Alkol Tüketimi ve Kanser Riski

Alkol tüketimi, ağız, boğaz, yemek borusu, gırtlak, karaciğer ve meme kanseri riskinizi artırabilir. Ne kadar çok alkol tüketirseniz, riskiniz o kadar artar. Alkol tüketimi ile birlikte tütün kullanan kişilerde kanser riski çok daha yüksektir.

Doktorlar, alkol tüketen kişilere ılımlı miktarlarda içmelerini tavsiye eder.

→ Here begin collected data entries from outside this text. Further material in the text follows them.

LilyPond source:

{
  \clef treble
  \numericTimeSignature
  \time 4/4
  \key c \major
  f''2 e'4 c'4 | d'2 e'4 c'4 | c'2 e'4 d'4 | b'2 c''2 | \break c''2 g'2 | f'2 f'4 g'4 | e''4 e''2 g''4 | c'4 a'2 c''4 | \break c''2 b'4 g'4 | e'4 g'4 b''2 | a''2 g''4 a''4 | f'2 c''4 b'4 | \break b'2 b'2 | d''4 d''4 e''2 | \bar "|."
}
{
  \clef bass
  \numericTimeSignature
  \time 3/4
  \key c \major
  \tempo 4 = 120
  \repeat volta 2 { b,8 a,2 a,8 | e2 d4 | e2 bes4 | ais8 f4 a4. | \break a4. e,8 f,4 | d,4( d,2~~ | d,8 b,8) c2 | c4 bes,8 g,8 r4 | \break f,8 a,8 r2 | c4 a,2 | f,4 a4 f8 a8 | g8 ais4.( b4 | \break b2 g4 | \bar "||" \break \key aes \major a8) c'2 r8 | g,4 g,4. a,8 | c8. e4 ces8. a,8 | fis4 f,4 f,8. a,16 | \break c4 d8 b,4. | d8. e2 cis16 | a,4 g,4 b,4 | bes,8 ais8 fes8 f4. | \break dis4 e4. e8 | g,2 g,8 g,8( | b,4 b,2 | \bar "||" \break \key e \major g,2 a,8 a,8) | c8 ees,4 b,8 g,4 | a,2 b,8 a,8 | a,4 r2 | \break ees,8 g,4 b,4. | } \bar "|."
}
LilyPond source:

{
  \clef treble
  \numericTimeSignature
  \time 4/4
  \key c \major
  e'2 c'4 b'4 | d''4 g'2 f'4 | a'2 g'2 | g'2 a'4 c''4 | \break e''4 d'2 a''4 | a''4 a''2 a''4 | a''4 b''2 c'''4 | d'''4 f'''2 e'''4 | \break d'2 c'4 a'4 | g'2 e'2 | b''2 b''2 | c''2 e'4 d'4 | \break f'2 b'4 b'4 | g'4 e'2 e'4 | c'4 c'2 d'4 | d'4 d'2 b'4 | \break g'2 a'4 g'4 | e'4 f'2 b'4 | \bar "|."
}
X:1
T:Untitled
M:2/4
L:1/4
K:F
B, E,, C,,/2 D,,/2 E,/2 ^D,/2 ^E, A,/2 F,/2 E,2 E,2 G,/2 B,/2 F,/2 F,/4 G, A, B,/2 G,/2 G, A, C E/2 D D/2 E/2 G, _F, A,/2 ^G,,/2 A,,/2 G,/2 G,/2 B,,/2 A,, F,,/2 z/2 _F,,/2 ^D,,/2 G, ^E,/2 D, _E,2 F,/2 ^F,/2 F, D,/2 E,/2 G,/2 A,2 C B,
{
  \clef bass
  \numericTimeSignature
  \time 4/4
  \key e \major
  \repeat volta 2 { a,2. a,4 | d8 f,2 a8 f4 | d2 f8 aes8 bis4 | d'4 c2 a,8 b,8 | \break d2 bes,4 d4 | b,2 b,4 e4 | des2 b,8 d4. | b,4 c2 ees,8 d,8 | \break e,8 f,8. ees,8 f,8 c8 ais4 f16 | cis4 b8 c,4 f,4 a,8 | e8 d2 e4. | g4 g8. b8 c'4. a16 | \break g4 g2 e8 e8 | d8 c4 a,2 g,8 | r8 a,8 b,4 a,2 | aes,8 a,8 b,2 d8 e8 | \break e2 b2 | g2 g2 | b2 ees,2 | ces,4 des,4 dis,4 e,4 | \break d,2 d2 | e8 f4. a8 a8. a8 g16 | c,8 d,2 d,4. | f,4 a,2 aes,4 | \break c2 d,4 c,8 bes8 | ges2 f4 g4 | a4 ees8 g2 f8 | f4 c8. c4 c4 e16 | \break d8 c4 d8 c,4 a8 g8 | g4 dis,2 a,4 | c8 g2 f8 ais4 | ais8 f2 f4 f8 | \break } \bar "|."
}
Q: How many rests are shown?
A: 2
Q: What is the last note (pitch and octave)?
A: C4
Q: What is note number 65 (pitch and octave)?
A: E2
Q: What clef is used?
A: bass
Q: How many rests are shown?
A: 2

Ilımlı alkol tüketimi, kadınlar için günde bir içki, erkekler için ise günde iki içki anlamına gelir.

Alkol Tüketimi ve Kanser Riski
Alkol tüketimi birkaç kanser türüne yol açabilir.

Kırmızı şarapta yer alan bazı maddelerin, örneğin resveratrolün, kanserle mücadele özellikleri olduğuna dair öneriler bulunmaktadır. Ancak, kırmızı şarap tüketiminin kanser riskini azalttığına dair bir kanıt yoktur.

Alkol tüketiminin kanser yapabileceğine dair kanıtlar nelerdir?

Alkol tüketiminin birçok kanser türüne neden olabileceği konusunda güçlü bir bilimsel konsensüs bulunmaktadır. ABD Sağlık ve İnsan Hizmetleri Departmanı’nın Ulusal Toksikoloji Programı, alkol tüketimini insan kanserojenleri arasında listelemektedir. Bu konuda Kanserojenler Raporu yayınlamıştır.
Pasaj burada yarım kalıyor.